1. Start by choosing a random initial value of parameters
2. Loop Over Epochs:
    - In each epoch, go through the entire dataset once. An epoch is a complete pass through all the training data.
3. Loop Over Data Points:
    - Within each epoch, iterate over each data point in your training dataset.
4. Update the Gradient:
    - For each data point, calculate the gradient of the loss function with respect to the current parameter values. This gradient represents the direction of steepest ascent.
5. Calculate Step Sizes:
    - For each parameter, calculate the step size as : step size = gradient * learning rate.
6. Update Parameters:
    - Update new parameters as : new params = old params - step size
7. Repeat Until Convergence:
    - Repeat steps 3 to 6 for each data point in the dataset. Continue this process for a fixed number of epochs or until convergence criteria are met.


## Pegasos Algorithm
The Pegasos (Primal Estimated sub-GrAdient SOlver for SVM) algorithm, proposed by Shalev-Shwartz et al. (2011) [Paper Link](https://home.ttic.edu/~nati/Publications/PegasosMPB.pdf), is an application of SGD.

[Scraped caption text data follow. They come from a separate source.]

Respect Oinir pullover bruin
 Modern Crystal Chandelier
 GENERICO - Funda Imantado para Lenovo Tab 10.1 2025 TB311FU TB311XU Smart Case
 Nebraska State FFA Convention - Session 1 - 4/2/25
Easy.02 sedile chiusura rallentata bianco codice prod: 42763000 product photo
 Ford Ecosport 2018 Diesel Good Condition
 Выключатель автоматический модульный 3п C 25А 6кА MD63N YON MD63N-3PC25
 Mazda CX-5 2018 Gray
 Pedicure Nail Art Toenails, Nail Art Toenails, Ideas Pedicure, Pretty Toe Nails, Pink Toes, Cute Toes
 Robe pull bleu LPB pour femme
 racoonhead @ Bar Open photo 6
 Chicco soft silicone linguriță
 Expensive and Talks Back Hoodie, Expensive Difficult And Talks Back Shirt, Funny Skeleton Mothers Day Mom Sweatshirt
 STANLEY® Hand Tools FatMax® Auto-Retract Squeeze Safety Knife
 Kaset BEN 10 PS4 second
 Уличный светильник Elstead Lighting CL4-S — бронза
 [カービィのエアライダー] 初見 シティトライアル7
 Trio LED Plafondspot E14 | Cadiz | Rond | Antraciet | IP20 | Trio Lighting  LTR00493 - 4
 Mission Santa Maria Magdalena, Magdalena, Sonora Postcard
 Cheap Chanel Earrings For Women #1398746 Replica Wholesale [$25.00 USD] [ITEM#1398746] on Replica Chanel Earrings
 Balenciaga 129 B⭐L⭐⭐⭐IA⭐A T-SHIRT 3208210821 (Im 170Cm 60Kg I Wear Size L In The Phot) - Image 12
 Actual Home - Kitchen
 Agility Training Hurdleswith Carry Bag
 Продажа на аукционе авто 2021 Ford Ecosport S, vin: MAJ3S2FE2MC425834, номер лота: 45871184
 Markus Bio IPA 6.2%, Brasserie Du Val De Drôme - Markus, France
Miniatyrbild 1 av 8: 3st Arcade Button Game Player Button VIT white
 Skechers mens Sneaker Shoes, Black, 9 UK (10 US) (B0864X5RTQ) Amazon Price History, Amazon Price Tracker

Recall that the primal problem of linear SVM can be expressed as the following the Loss + Penalty format:
$$
 \frac{\lambda}{2} \|\beta\|^2 + \frac{1}{n} \sum_{1}^{n}\left[ 1 - y_{i}\left( x_{i}^{t}\beta + \alpha \right) \right]_{+}
$$

where $\alpha$ is the intercept and $\beta$ is the p-dimensional coefficient vector

The **Pegasos Algorithm** can be summarized as follows:
1. initialize $\beta = 0_{p \times 1}$, $\alpha_1 = 0$, and $t = 0$
2. For *epoch = 1, 2, ..., T* do
    for *i = 1, 2, ..., n* do 
    - $t = t + 1, \eta_t = \frac{1}{t \lambda}$
    - update $\beta_{t+1} \Leftarrow \beta_t - \eta_t \Delta_t$
    - update $\alpha_{t+1} \Leftarrow \alpha_t - \eta_t \delta_t$
Here $\eta_t$ is the learning rate, and $\Delta_t$ and $\delta_t$ are the (sub)grdient of $J_i\left(\beta, \alpha \right)$, where $\beta=\beta_t$, and $\alpha = \alpha_t$:
$$
    J_i\left( \beta, \alpha \right) = \frac{\lambda}{2} \|\beta\|^2 + \left[ 1 - y_i\left( x_{i}^{t}\beta + \alpha \right) \right]_{+}
$$

$$
    \Delta_t = 
    \begin{cases}
    \lambda \beta_t - y_i x_i &  if \space y_i\left( x_{i}^{t}\beta_t + \alpha_t\right) < 1\\
    \lambda \beta_t & otherwise \\
    \end{cases}
$$

$$
    \delta_t =
    \begin{cases}
    -y_i  &  if \space y_i\left( x_{i}^{t}\beta_t + \alpha_t\right) < 1\\
    0 & otherwise
    \end{cases}
$$


### Implement the **Pegasos Algorithm**


- Use a fixed number of epochs, e.g., T = 20.
- In each epoch, before going through the dataset, consider randomizing the order of the data points. To achieve this, you should set random seeds for 
shuffling. For this assignment, the seeds used for shuffling do not need to be associated with your UIN.

- Test your code with the provided training (200 samples) and test (600 samples) datasets, which are subsets of the MNIST data. Each dataset consists of 257 columns, with the first 256 columns representing the features, and the last column indicating the label (either 5 or 6).
    - [coding5_train.csv](https://liangfgithub.github.io/Data/coding5_train.csv)
    - [coding5_test.csv](https://liangfgithub.github.io/Data/coding5_test.csv)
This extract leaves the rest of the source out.